When we do, we get a very quick run down of what the emergency is:

Dhakan nodded. “The walls of Kadon and Mawor are quite substantial, but those around Poma have sort of fallen into disrepair. Technically, those three cities are a part of the Osthos Alliance. They were independent city-states some centuries back, and when the Kanthons began having imperial urges for the first time, we all joined together to repel them. The Dukes of those three cities still maintain the fiction of independence, but when you get right down to the bottom of things, they take orders from Osthos.”
Andine, however, is a little more gobsmacked by another factor:

“That’s idiocy! The peasants don’t have anything to do with the wars between the cities! Nobody’s ever killed the peasants before. They’re an asset. If you don’t have peasants, who’s going to grow your food?”
This, by the way, is not treated as ignorance on her part.

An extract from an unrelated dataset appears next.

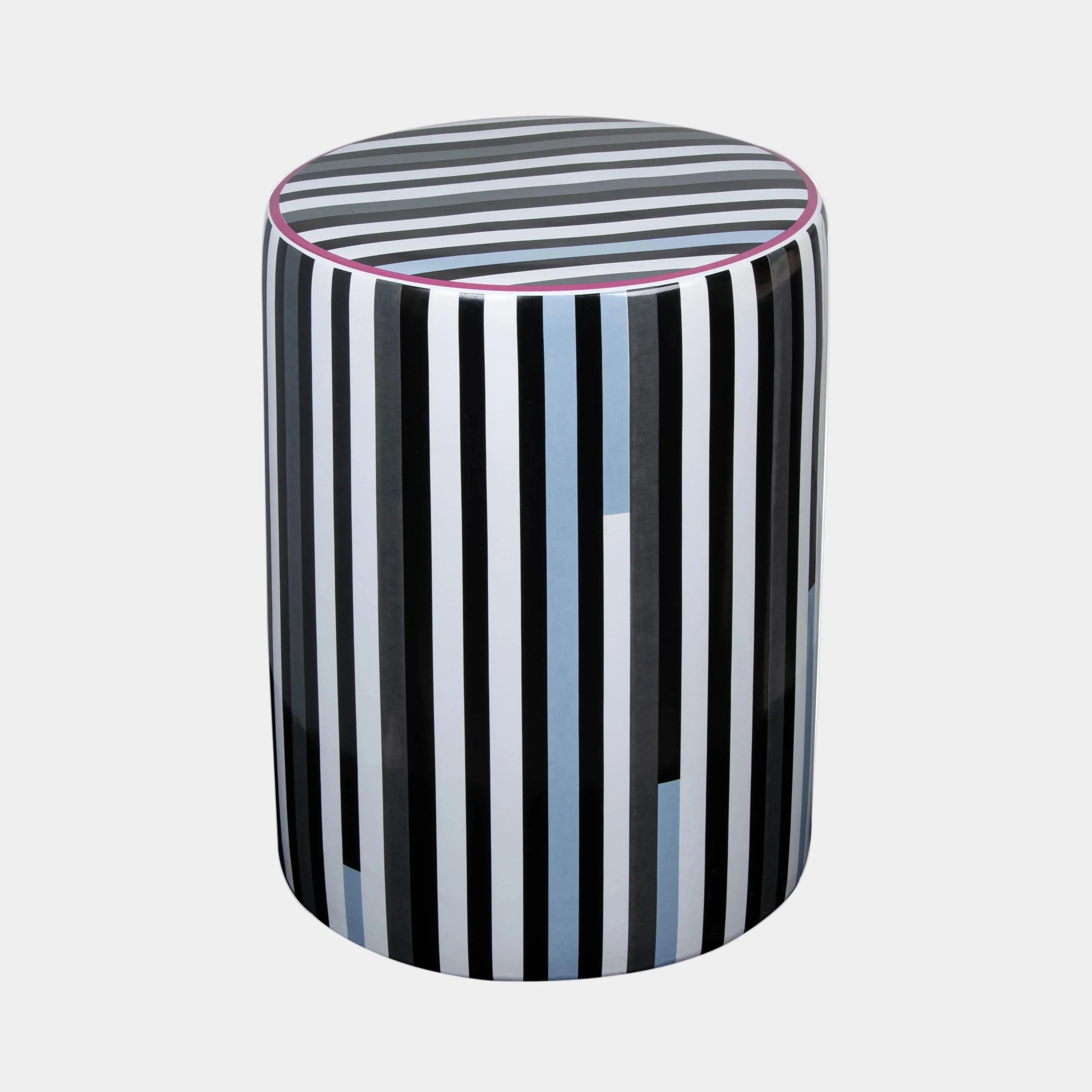 Taurus Ceramic Indoor/Outdoor Stool - Image 7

And of course, since this is Andine's problem, the person at the helm is once again Gelta. It's girl on girl.

And then Ghend hands Althalus a big chunk of Edding's outline for the rest of the book:

“Submit unto me, frail child,” the dark Queen commanded, “and should thy submission please me, mayhap I shall spare thy life.” And the haunted wail filled the room. And Arya Andine knelt to signify her submission. “On thy face!” stern Gelta commanded. “Grovel before me that I may know that thy submission is absolute!” And, weeping, did Arya Andine lower her face to the very stones of the floor. And the heart of Gelta was full, and the taste of victory on her tongue was sweet, sweet. And placed she then her rough-booted foot upon the soft neck of groveling Andine in exultant triumph, declaring, “All that was yours is now mine, Andine, yea, verily, even thy life and all thy blood.” And the triumphant cry of the Queen of the Night echoed down the marble-clad palace of the fallen Arya of Osthos, and the despairing wail echoed also.

However, this dream is different. This dream is not a past-dream, which makes things that didn't happen happen even though they haven't really happened. Nope. This is a future dream, so letting it not happen would create a paradox and that would be bad. So now the good guys absolutely have to let Gelta into Andine's throne room so she can stand on Andine's neck. Dweia's orders.

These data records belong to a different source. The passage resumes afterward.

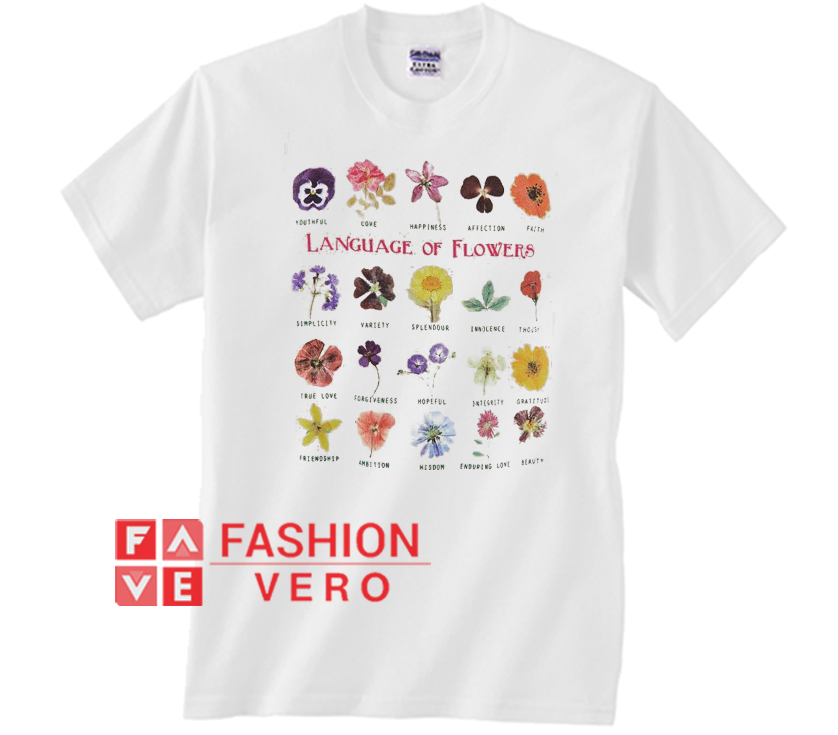 Flower Chart Shirt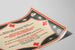 Vintage poster of German precious stones and precious metals exhibition — artwork view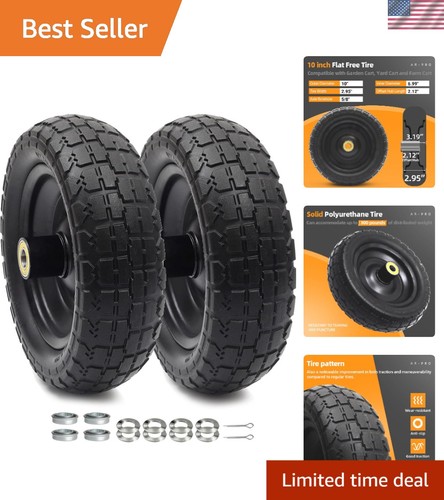 Flat free tire - flat-free,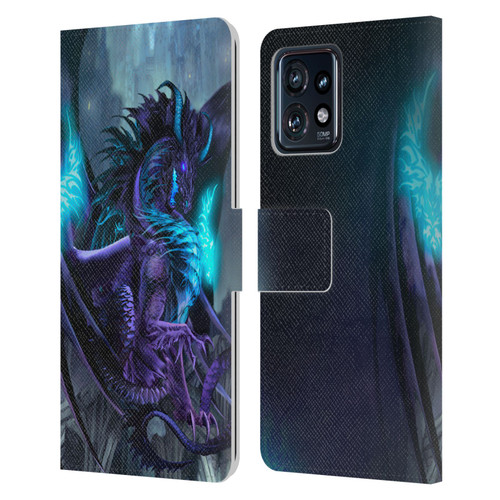 Ruth Thompson Dragons 2 Talisman Leather Book Wallet Case Cover For Motorola Moto Edge 40 Pro
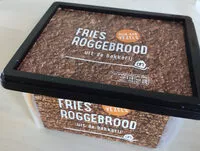 Mängden socker i Fries Roggebrood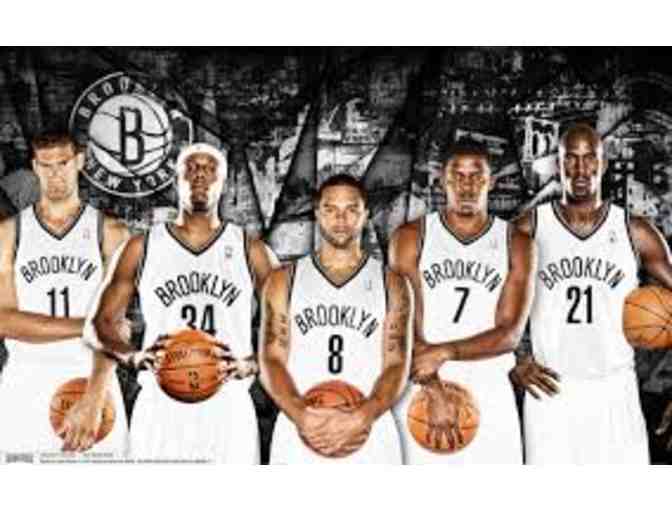 LIVE AUCTION - Have your party at the PRACTICE COURT of the BROOKLYN NETS, Priceless!!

This has never made any sense to me.

Dweia elaborates on it a little tiny bit:

“I don’t think he’d dare, Sergeant,” she replied. “Part of the danger of jumping around in time in a dream vision is the possibility of paradox. If two entirely different things happen in the same place at the same time, reality starts to come apart, and we really don’t want that to happen. Changing the past is fairly safe—if you don’t go too far. Changing the future is an entirely different matter.”
Except this is a dream. The past-dreams made a little sense because they were sort of brainwashing--like trying to convince the world that John McCain won in 2008 instead of Obama so that when we woke up the next morning with him in the White House nobody would freak--but this future dream shit is like...uh, HELLO. DREAMING. But we never get more concrete information than this.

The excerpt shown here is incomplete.